▶ Task material:

——————

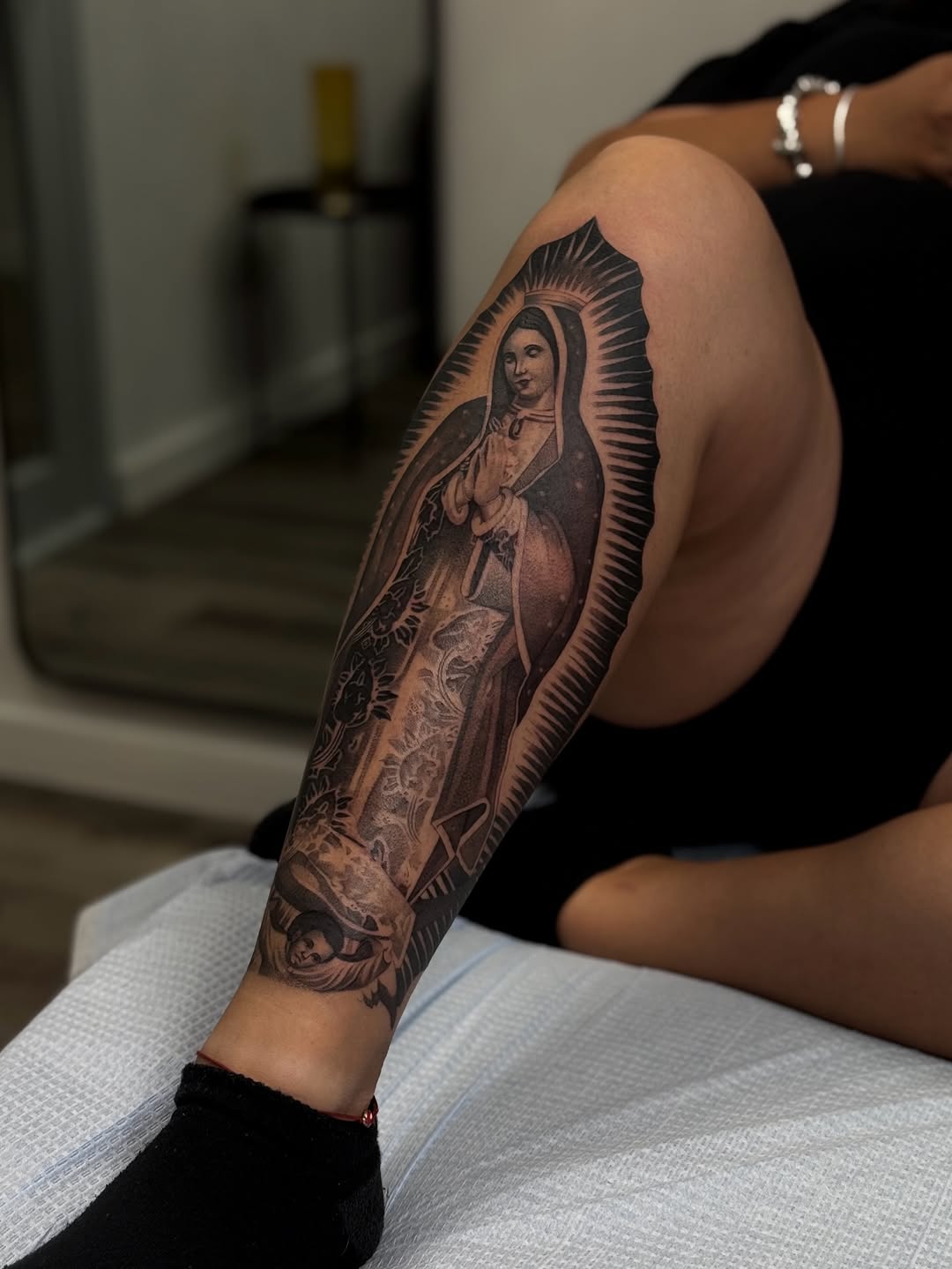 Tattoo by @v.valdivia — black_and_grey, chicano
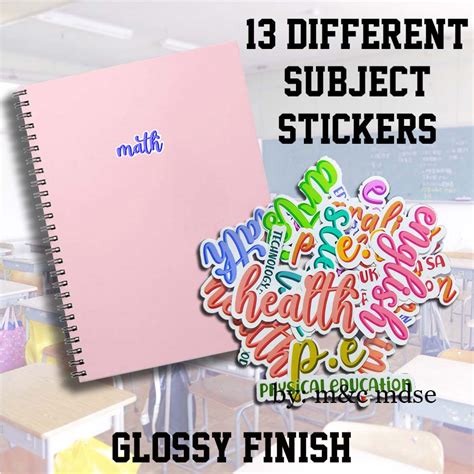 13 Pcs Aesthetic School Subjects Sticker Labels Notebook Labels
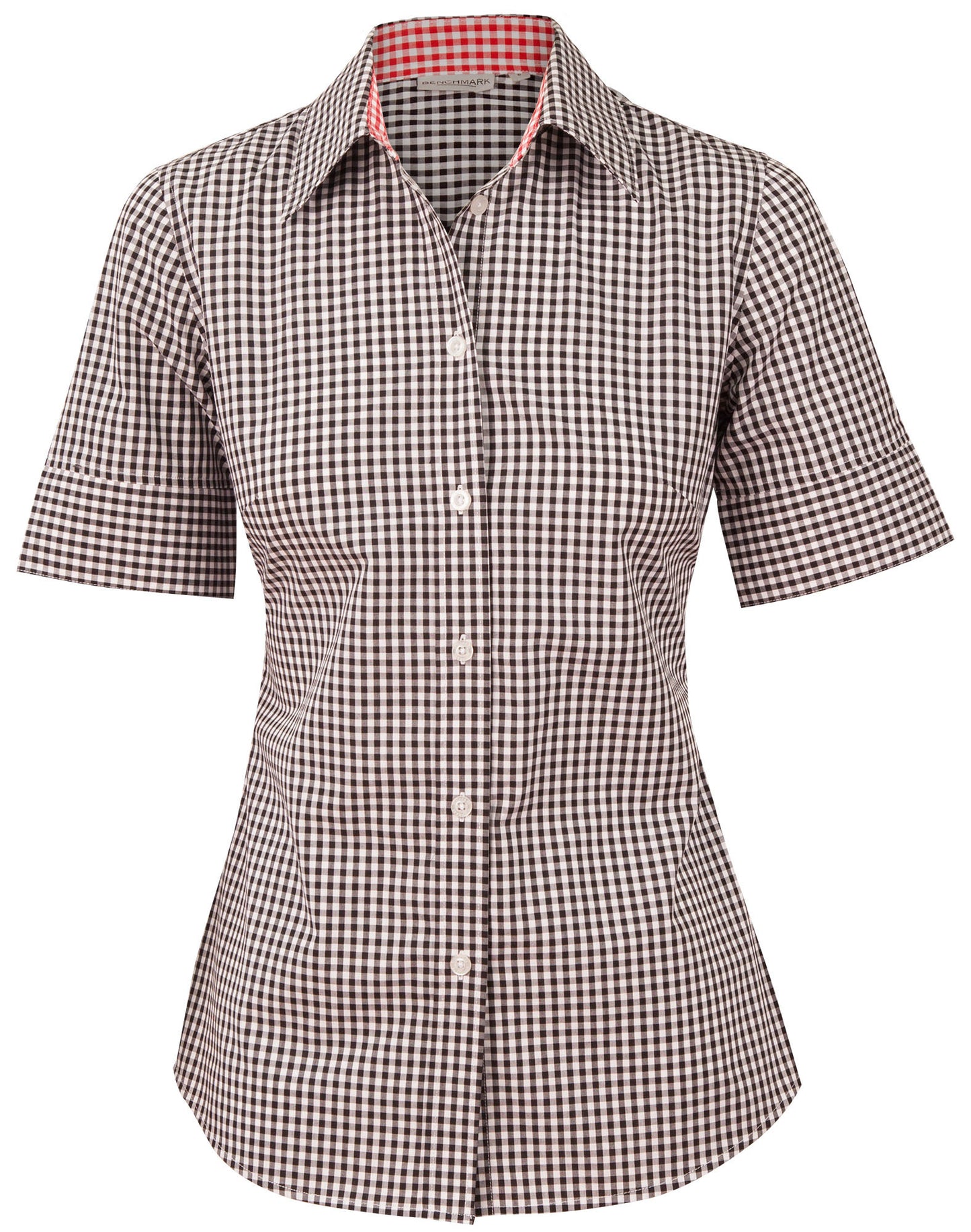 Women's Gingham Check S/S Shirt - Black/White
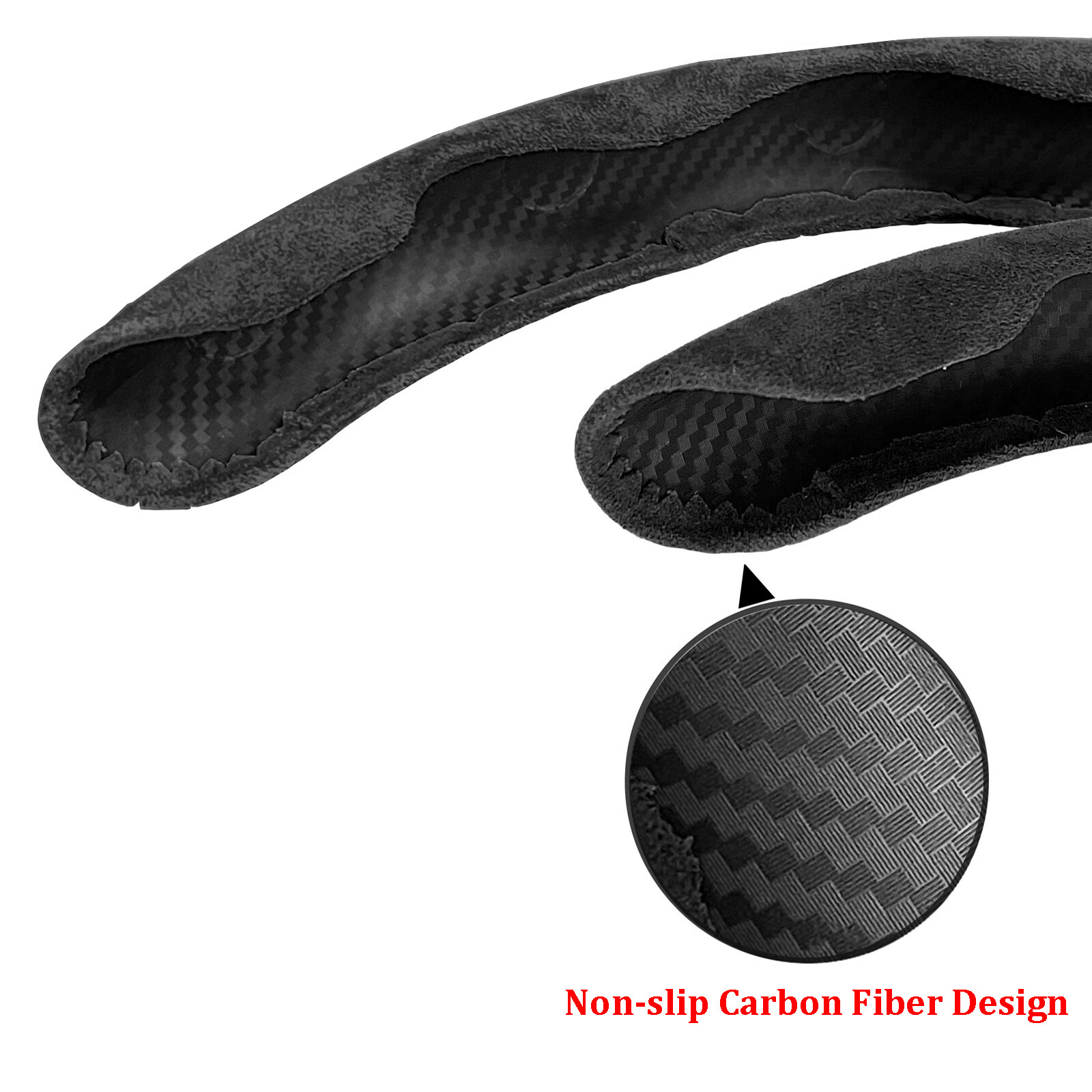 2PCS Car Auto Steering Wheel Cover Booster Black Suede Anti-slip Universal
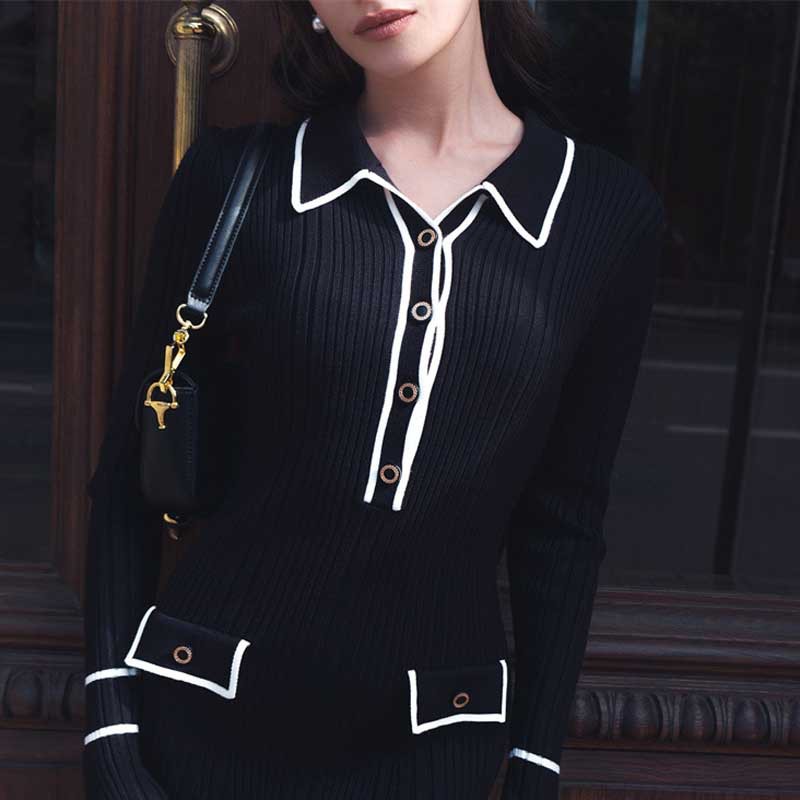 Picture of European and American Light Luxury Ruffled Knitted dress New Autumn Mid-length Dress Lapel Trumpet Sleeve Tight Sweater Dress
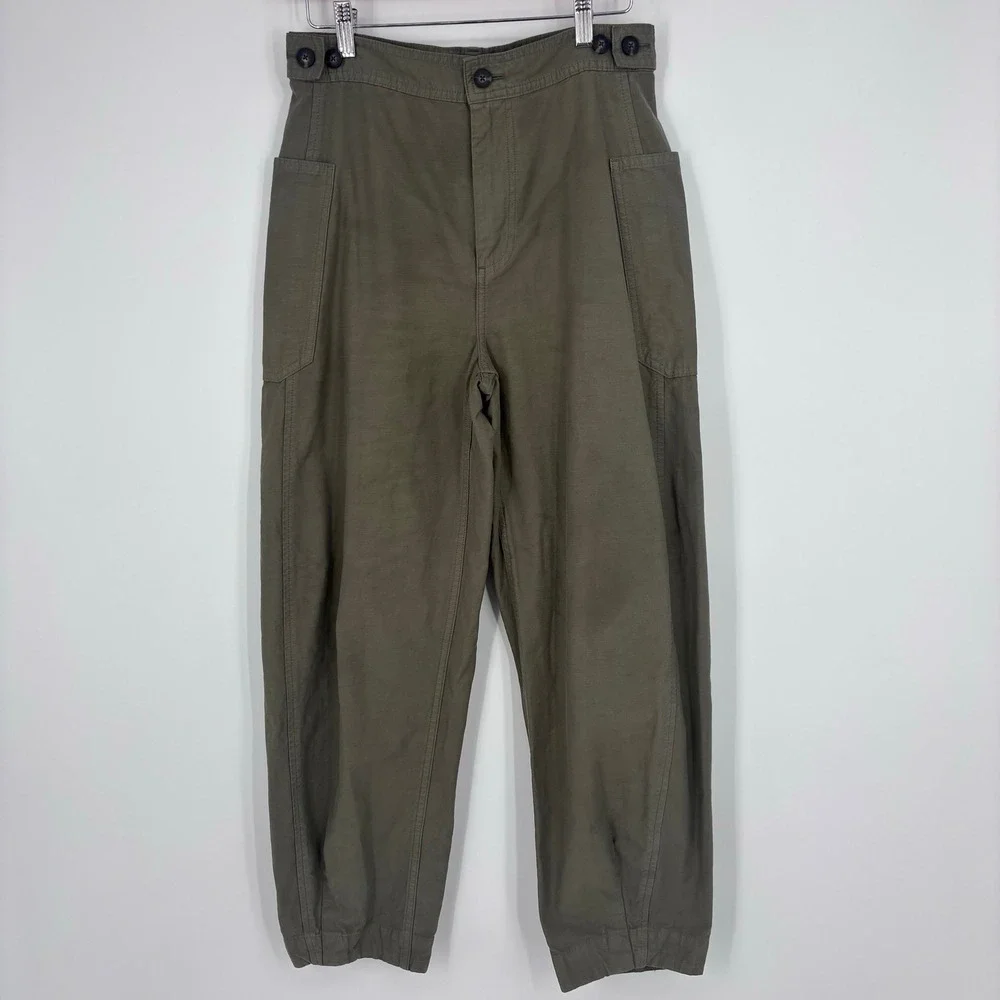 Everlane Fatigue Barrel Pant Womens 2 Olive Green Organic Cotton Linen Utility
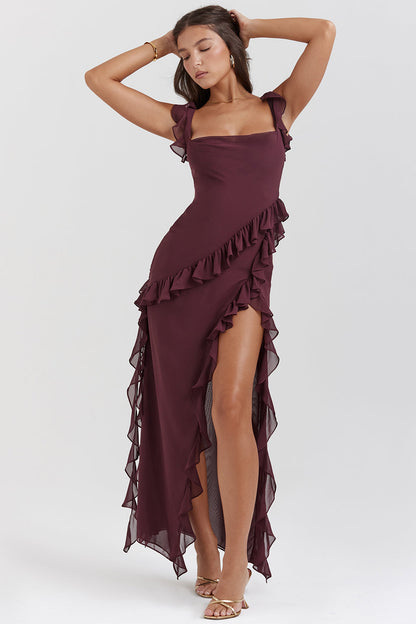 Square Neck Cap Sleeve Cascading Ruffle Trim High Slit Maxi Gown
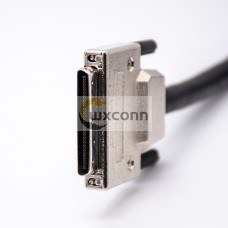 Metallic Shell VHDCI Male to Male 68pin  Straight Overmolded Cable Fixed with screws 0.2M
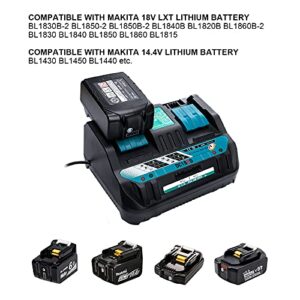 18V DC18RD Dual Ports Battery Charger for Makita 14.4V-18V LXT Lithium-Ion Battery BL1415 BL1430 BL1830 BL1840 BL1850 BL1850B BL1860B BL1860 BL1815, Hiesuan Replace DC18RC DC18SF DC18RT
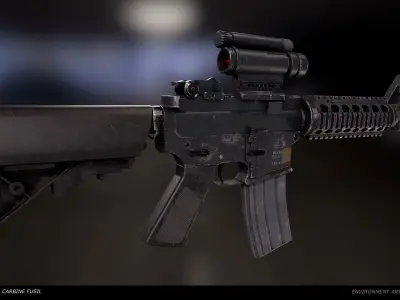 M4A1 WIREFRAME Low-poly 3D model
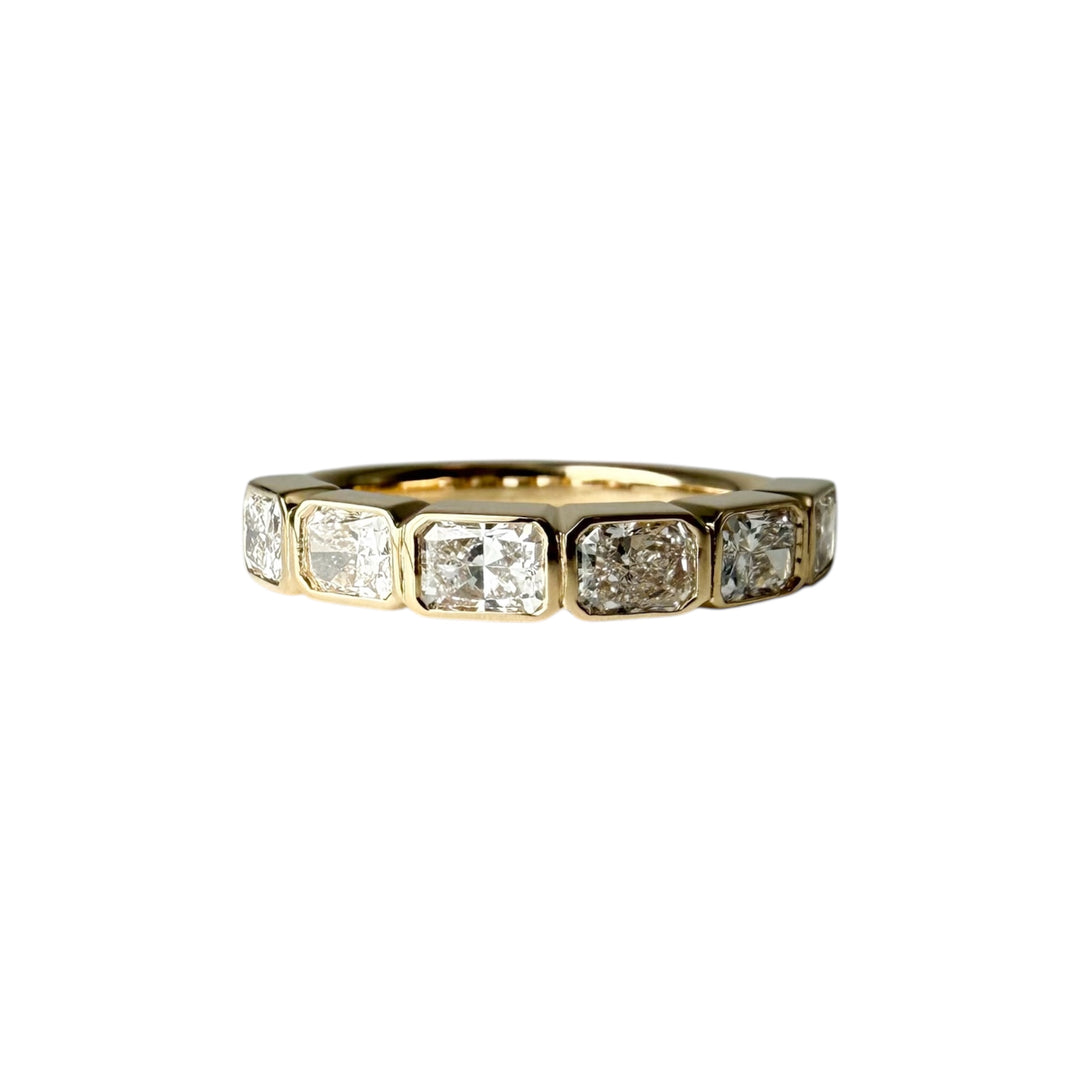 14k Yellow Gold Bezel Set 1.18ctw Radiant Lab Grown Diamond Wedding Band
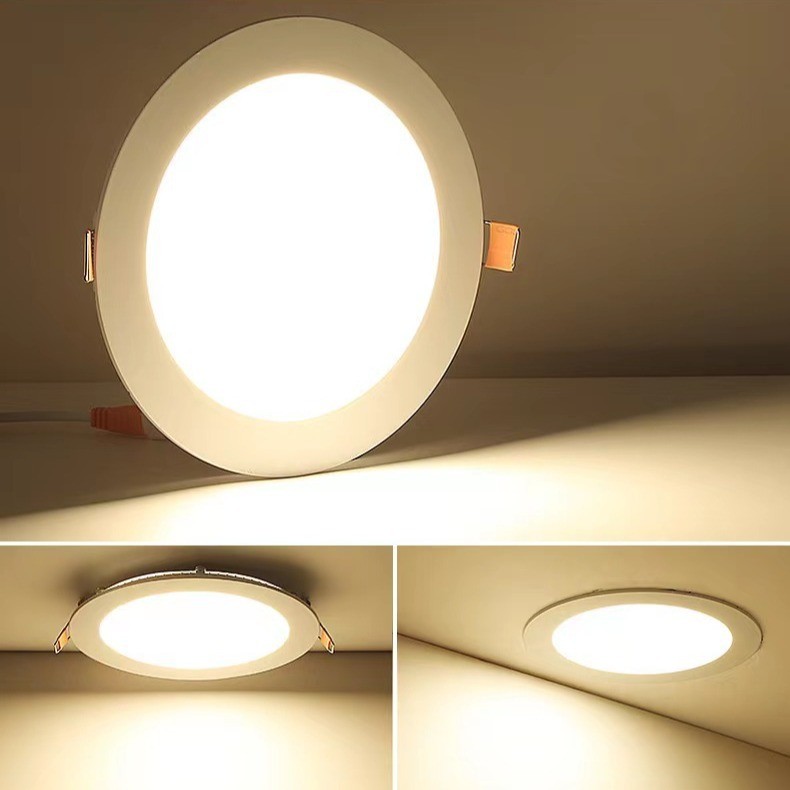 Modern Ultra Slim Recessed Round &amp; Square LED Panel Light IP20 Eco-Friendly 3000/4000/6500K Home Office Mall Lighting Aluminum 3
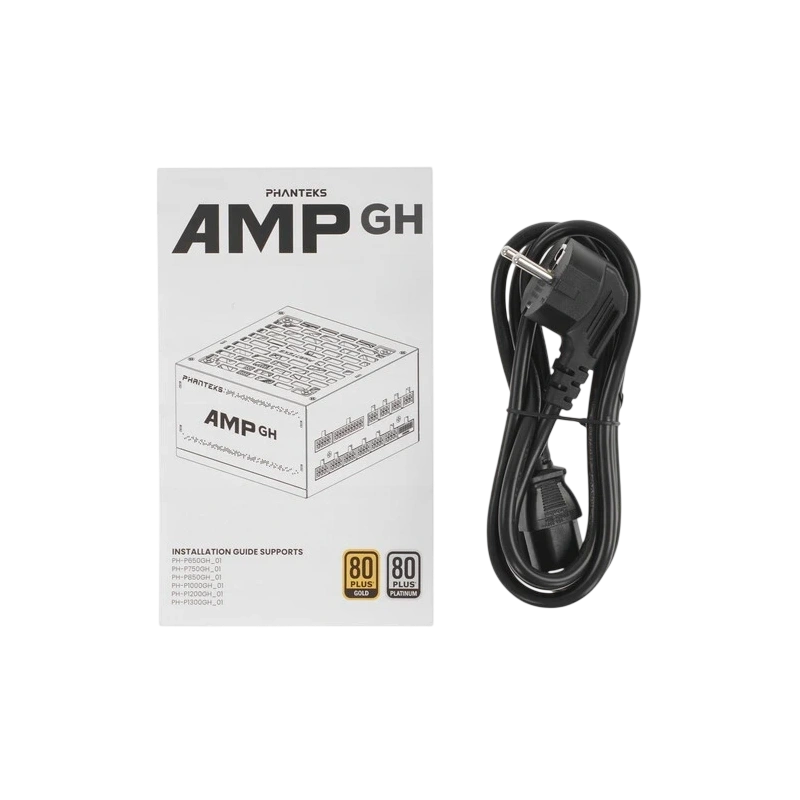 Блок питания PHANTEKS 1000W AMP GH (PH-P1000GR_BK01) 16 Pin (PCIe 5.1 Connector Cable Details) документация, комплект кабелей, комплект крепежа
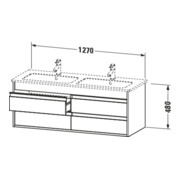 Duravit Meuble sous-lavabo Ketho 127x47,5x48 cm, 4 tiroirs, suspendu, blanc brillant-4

——————

▶ Required work: Copy out exactly the lines from the one with "14k Yellow Gold" through the end of the listing, both ends included, omitting any picture.

▶ Result of the task:
 14k Yellow Gold Bezel Set 1.18ctw Radiant Lab Grown Diamond Wedding Band
 Modern Ultra Slim Recessed Round &amp; Square LED Panel Light IP20 Eco-Friendly 3000/4000/6500K Home Office Mall Lighting Aluminum 3
 Блок питания PHANTEKS 1000W AMP GH (PH-P1000GR_BK01) 16 Pin (PCIe 5.1 Connector Cable Details) документация, комплект кабелей, комплект крепежа
 Duravit Meuble sous-lavabo Ketho 127x47,5x48 cm, 4 tiroirs, suspendu, blanc brillant-4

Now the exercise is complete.